Mice were treated with control (GL113) or neutrophil-depleting (RB6-8C5 or 1A8) monoclonal antibodies 1 d before challenge in the ear dermis with 2×10⁵ Lm-RFP metacyclic promastigotes. (A) Representative dot plots of CD11b⁺GR-1^hiLy6C^int neutrophils (region 1) and CD11b⁺GR1^intLy6C^hi inflammatory monocytes (region 2) in the GL113 or 1A8 treated mice. (B) Representative dot plots of CD11b⁺Ly6G⁺Ly6C^int neutrophils (region 1) and CD11b⁺Ly6G⁻Ly6C^hi inflammatory monocytes in the GL113 or RB6-8C5 depleted mice (region 2). (C) Mean total number per ear of neutrophils (PMN) or inflammatory monocytes (Mo) in neutrophil depleted or control treated, infected mice, +/− 1 s.d., 4–6 ears per group pooled from 2 independent experiments. (D–E) Mean total number of DCs (CD11c⁺MHCII⁺) per ear (D) and the mean percentage of RFP⁺ DCs per ear (E) 1 d after infection, +/− 1 s.d., 8–10 ears per group, pooled from 3 independent experiments. (F) Representative dot plot of CD11c⁺MHCII⁺-gated RFP⁻ uninfected and RFP⁺ infected dermal DCs, 24 hr after infection. (G) Representative histogram plots of MPO stained, RFP⁻ (gray filled) and RFP⁺ (black line) DCs 24 hr after infection. (H) Mean percentage of RFP⁻ or RFP⁺ DCs staining positive for MPO, +/− 1 s.d., 4 ears per group, pooled from two independent experiments. (I) Representative histogram plots of MPO stained, RFP⁻ (gray filled) and RFP⁺ (black line) DCs.

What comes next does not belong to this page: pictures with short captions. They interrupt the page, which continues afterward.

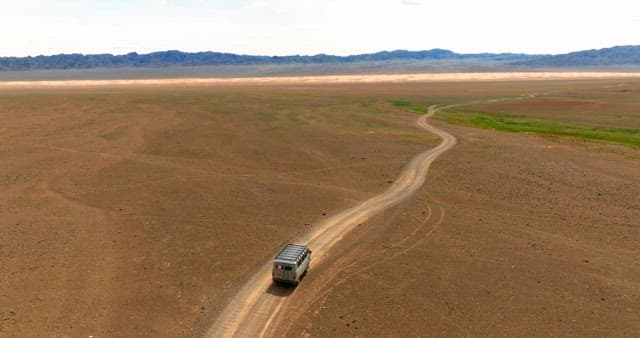 Van traveling through a vast desert landscape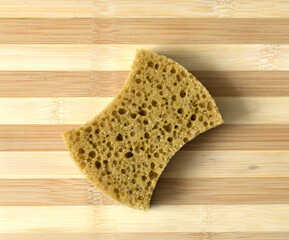 Sponge for washing dishes lies on a striped wooden cutting board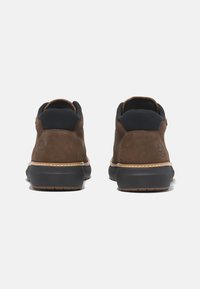 Botas de tobillo de ante marrón con acentos en negro y una suela acolchada. Presenta un detalle de logo y costuras en contraste alrededor de la suela.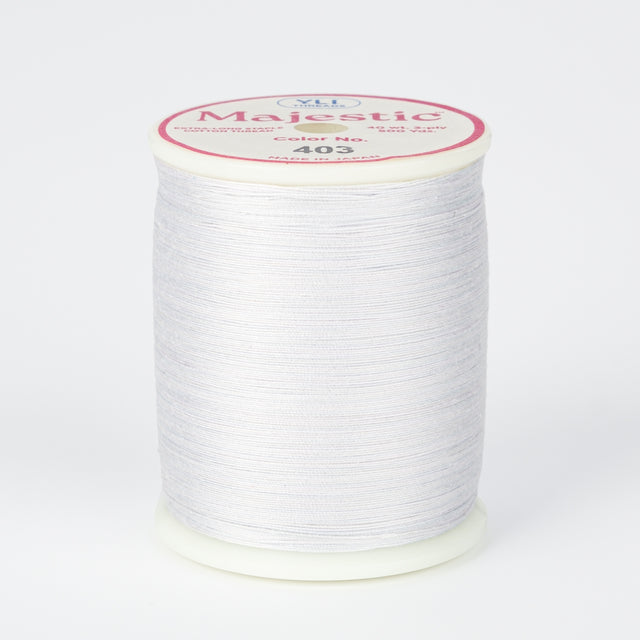 spool of majestic cotton quilting thread #403 pearly gates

Mice were treated with control or neutrophil-depleting antibodies 1 d before i.d. challenge and the dermal cells were analyzed 14 days after infection.

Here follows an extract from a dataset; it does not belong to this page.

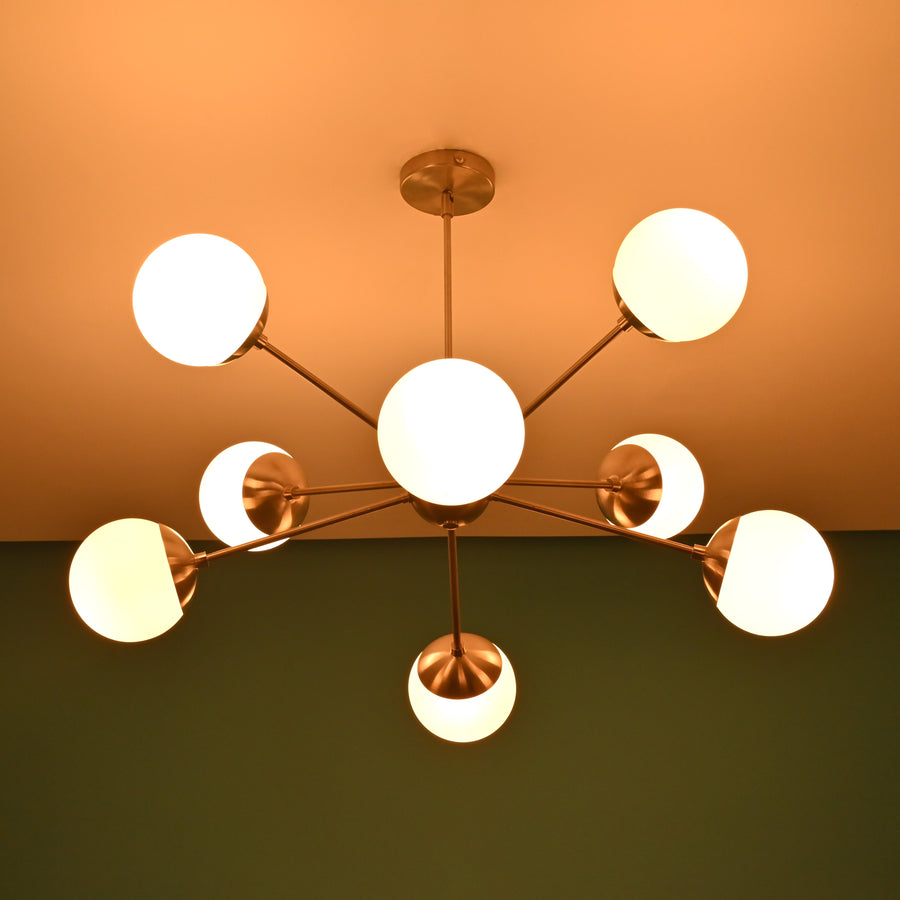 Modern 8 light brass globe chandelier with opal glass shades and balanced mid century silhouette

Figure 6. Effects of neutrophil depletion on the activation and function of dermal DCs ex vivo, and on CD4⁺ T cell priming in vivo.

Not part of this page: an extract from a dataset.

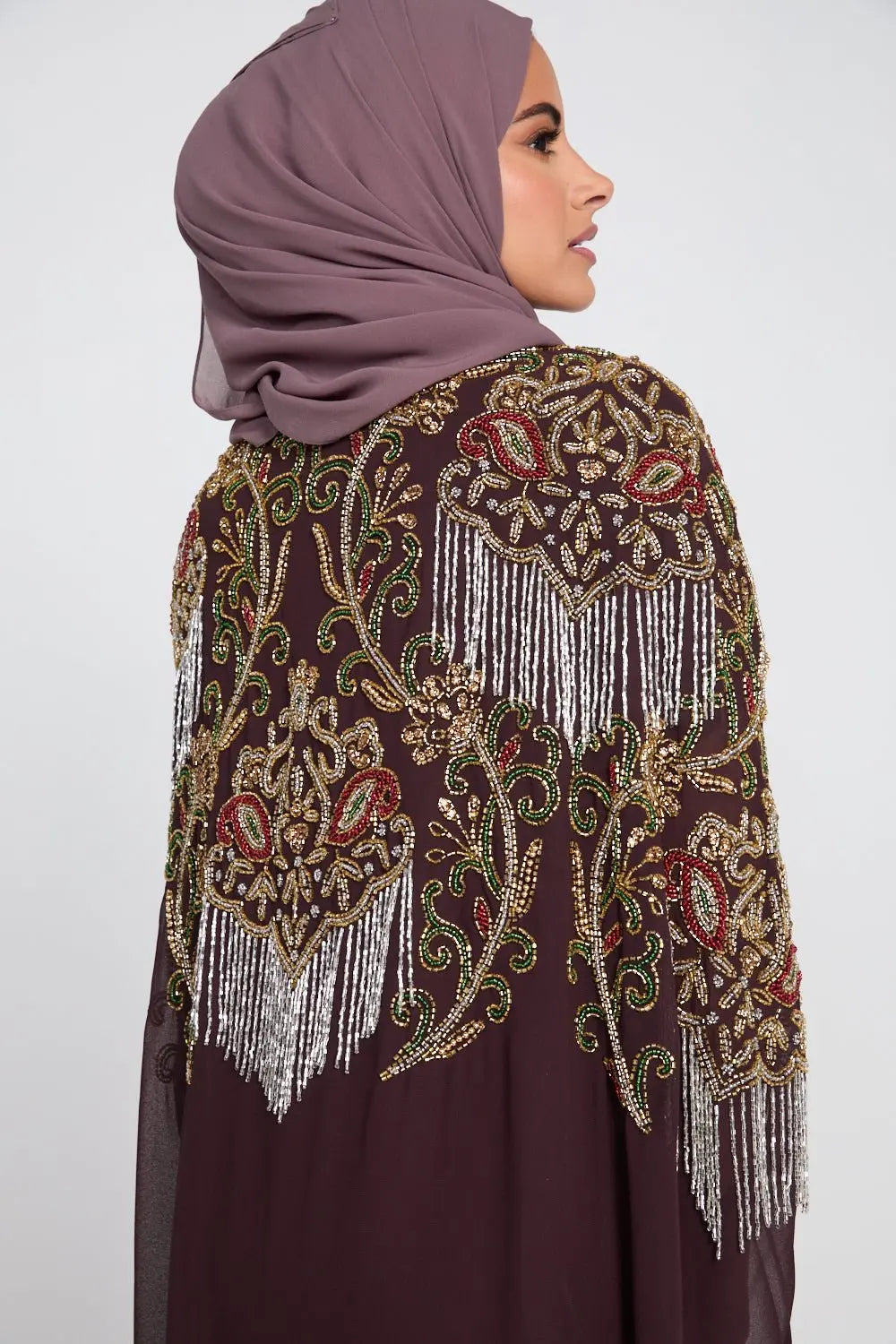 Decorative shawl with intricate patterns and fringes on a plain background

(A) Representative dot plots of RFP⁺ DCs recovered 3 d after i.d. infection with 2×10⁶ Lm-RFP metacyclic promastigotes in mice treated with GL113 or RB6-8C5 1 d before challenge. (B) Representative histogram plots of RFP⁺CD11c⁺MHCII⁺ gated cells from control treated (gray filled) and RB6-8C5 treated (black line) infected mice stained for MHCII, CD86, CD40 and CD80. (C) Mean fluorescence intensity (MFI) of MHCII, CD86, CD40 and CD80 expression on RFP⁺CD11c⁺MHCII⁺ gated cells from control treated (white bars) and RB6-8C5 treated (black bars) infected mice; mean percentage +/− 1 s.d. calculated from 2 independent experiments; * p = 0.0214, ** p = 0.0134, *** p = 0.0025. (D) Representative dot plots showing the gates used for sorting of the RFP⁺CD11c⁺ dermal cells recovered from control and RB6-8C5 treated, infected mice. (E) IFN-γ levels in supernatants of T cells from healed, L. major-infected mice co-cultured for 3 d with sorted RFP⁺CD11c⁺ cells recovered from the ears of control treated or RB6-8C5 treated mice 3 days after i.d. infection with 2×10⁶ Lm-RFP metacyclic promastigotes. Two independent experiments are shown. (F–H) B6.SJL mice were treated with GL113, RB6-8C5 or 1A8 mAb followed 1 d later by i.d. inoculation with 10⁵ Lm SP-OVA or Lm 3′NT metacyclic promastigotes. CFSE-labeled CD4⁺ OT-II cells were adoptively transferred at the time of (F–G) or 2 weeks after infection (F). Shown are representative dot and histogram plots of IFN-γ expression and/or CFSE fluorescence of CD45.2⁺CD4⁺ gated cells from the draining lymph nodes 6 days after transfer, and the proliferative response with means of CD4⁺ OT-II cells from individual mice, as defined by the percent of cells with reduced CFSE content. The data are pooled from two independent experiments.